Çin krizden çıkabilecek mi?
Bu parlak alternatif geleceğin şu anda en belirsiz olanı: Çin. 2022'nin son haftalarında Covid Zero politikalarından aniden vazgeçilmesi ülkeyi bir krizi içine soktu. Bunun nasıl sonuçlanacağını kimse bilmiyor. Xi'nin nüfusu virüsten korumak için kişisel olarak ne kadar yatırım yaptığı göz önüne alındığında, bu karmaşık dönüşün öngörülemeyen politika sonuçları olabilir. Ancak enfeksiyon oranları düzeldikten sonra yılın ikinci yarısında ekonomik büyümeyi destekleyebilir. Bu da enerji fiyatlarını yukarı çekerek ABD ve Avrupa'da enflasyonun kontrol altına alınmasını zorlaştırabilir.

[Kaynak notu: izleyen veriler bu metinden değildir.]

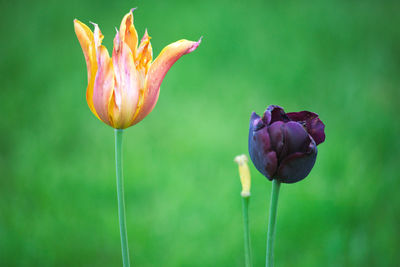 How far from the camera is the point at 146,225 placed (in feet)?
4.81

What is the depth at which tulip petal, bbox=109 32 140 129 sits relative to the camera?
21.4 inches

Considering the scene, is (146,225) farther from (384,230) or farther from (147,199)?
(384,230)

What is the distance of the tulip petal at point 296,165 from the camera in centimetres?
49

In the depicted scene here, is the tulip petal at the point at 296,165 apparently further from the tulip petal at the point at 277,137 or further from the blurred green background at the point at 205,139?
the blurred green background at the point at 205,139

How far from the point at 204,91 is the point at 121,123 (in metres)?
1.69

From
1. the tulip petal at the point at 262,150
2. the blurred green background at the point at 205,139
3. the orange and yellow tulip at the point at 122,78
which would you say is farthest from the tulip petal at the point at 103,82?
the blurred green background at the point at 205,139

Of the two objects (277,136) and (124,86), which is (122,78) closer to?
(124,86)

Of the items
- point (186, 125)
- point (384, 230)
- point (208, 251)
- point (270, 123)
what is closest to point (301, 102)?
point (186, 125)

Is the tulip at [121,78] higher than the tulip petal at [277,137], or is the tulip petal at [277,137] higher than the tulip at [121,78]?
the tulip at [121,78]

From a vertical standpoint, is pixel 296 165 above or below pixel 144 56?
below

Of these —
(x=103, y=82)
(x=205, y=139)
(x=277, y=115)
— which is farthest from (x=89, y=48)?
(x=205, y=139)

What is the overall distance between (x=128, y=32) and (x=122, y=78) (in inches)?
2.8

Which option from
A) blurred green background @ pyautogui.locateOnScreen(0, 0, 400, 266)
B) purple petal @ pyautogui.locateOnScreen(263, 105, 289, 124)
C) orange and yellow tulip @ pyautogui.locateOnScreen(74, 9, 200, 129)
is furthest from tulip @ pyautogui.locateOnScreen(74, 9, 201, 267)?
blurred green background @ pyautogui.locateOnScreen(0, 0, 400, 266)

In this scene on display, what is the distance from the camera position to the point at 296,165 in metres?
0.49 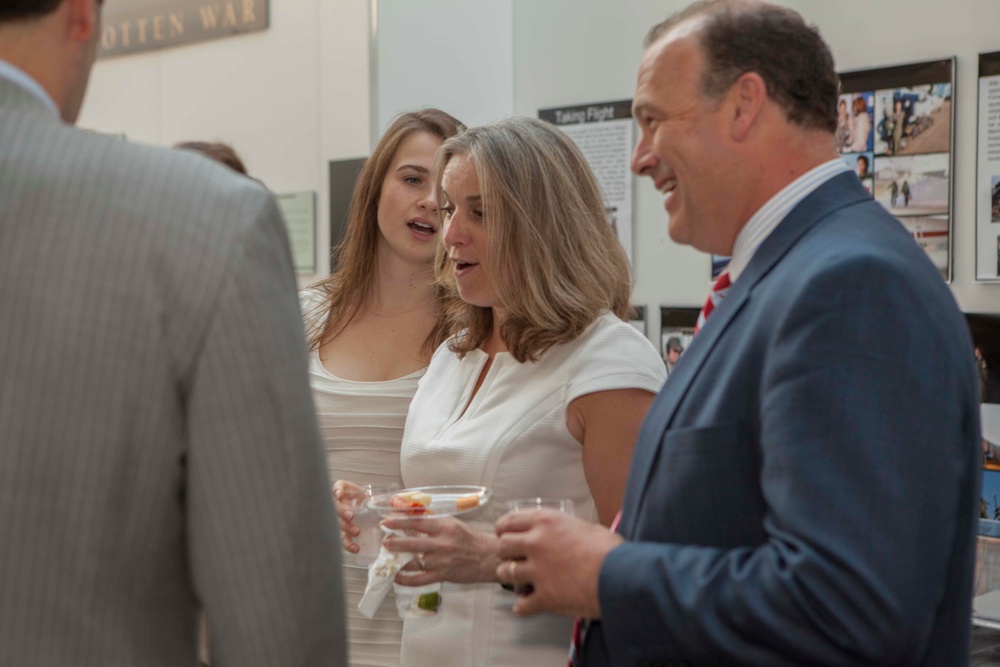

Küresel büyüme de yukarı yönlü bir sürpriz yapabilir mi? Uzaktan çalışma ve otomasyonun daha hızlı benimsenmesi sayesinde Covid-19'dan yaygın bir verimlilik artışı hayalleri şu anda imkansız görünüyor. Ancak kısa vadeli tedarik zinciri baskıları bir yıl öncesine kıyasla çok daha az. ABD ve Çin'deki politikacılar kararlı bir şekilde aksi yönde ilerlese de, bu eğilimler yüzeyin altında hala çoğunlukla daha entegre piyasalara işaret ediyor. 2023'ün mikroekonomik hikayesi, işletmelerin denge bulmaya çalışmaları ve hükümetin çabalarına karşı lobi yapıp direnmeleri olacak. Agresif tavırlara rağmen, pek çok işletme ve yatırımcı, küreselleşmenin kalıcı olduğuna ve gerçek bir dağılmanın maliyetinin politikacıların dayanamayacağı kadar yüksek olacağına inanıyor gibi görünüyor. Jeopolitik göz önüne alındığında bu umut da imkansız olabilir. Ancak merkez bankaları 12 ay içinde enflasyonu kontrol altına alabilirse, neredeyse her şey mümkün ve hemen hemen her şey daha kolay olacak.